The above remarks are not intended as a specific compact CVR format
specification, rather to give an idea of how the Simple CSC body can be
used for CVR capture and tabulation.
## Digital Signatures
The SHA256 prefix is suitable as a verification check but not a
cryprographically secure ID. We could use a separate digital signature
QR code on a BMD printout to authenticate the CSC and as being printed
by a particular authorized BMD. Each BMD could have a private key
specific to an election, with certificate issued by the election admin.
At the close of the election, the secret key can be erased.
To sign a CSC, we need to combine the ballot definition data with the
CSC data, and sign the concatenated data. The full signature then
authenticates the QR coded data with the ballot definition used to
create and interpret the QR CSC content.
A digital signature is around 300 bytes, so might require a 69x69 QR
code at error correction level M (15%) or 89x89 at level H (33%).

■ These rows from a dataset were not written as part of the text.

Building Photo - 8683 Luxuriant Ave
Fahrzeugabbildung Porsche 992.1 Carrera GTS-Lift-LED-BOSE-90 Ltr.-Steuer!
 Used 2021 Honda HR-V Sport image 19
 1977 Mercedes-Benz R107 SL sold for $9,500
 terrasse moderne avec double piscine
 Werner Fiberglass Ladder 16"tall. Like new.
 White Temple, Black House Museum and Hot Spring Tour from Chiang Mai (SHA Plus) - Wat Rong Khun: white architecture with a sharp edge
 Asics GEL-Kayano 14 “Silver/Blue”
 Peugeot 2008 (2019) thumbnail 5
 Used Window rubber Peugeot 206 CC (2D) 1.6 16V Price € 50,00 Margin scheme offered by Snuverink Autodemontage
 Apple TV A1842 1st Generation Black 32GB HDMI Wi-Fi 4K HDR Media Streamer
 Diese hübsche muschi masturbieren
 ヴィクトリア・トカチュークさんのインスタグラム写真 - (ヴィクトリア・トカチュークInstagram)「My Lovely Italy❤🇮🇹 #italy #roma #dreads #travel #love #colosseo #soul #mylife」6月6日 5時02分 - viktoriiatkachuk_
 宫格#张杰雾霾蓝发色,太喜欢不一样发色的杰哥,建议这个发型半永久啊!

## Formatting Alternatives
In the proposal above, blank, overvote, and undetermined write-in are
represented by special characters, '` `', `*`, and `+`. There are some
advantages to reserve `A` for blank vote, `B` for overvote, and assign a
letter for a fill-in write-in vote, e.g. `C`, `D`, `E`, are candidates
1, 2, 3, `F` is a write-in with a fill-in-the-blank for name, `G` might
be assigned to a qualified write-in candidate to be counted. When used
for a scanned CVR body, a lower case letter can represent an ambiguous
reading.
If we store a CVR this way, and compare adjudicated versions, we can
format a difference with blank being the same and a character an updated
value.
### Compact Binary Format
Rather than use a full character `A`, `B`, ... to represent a selection
(and under/overvote) we could use a variable width binary encoding, e.g.
3 bits for a typical contest (7 or fewer choices including write-in plus
undervote), 2 bits for a yes/no ballot measure. The bits would be packed
into a byte stream. The resulting binary data could be base45 encoded.
The sample ballot mentioned above would require 7 3 bit fields, and 20 2
bit fields for a total of 61 bits, or 8 bytes, or 12 QR code characters.
The reduction from 27 to 12 characters is greater than 50%, but requires
much more software to pack and unpack the binary format and the
selections are not directly human readable.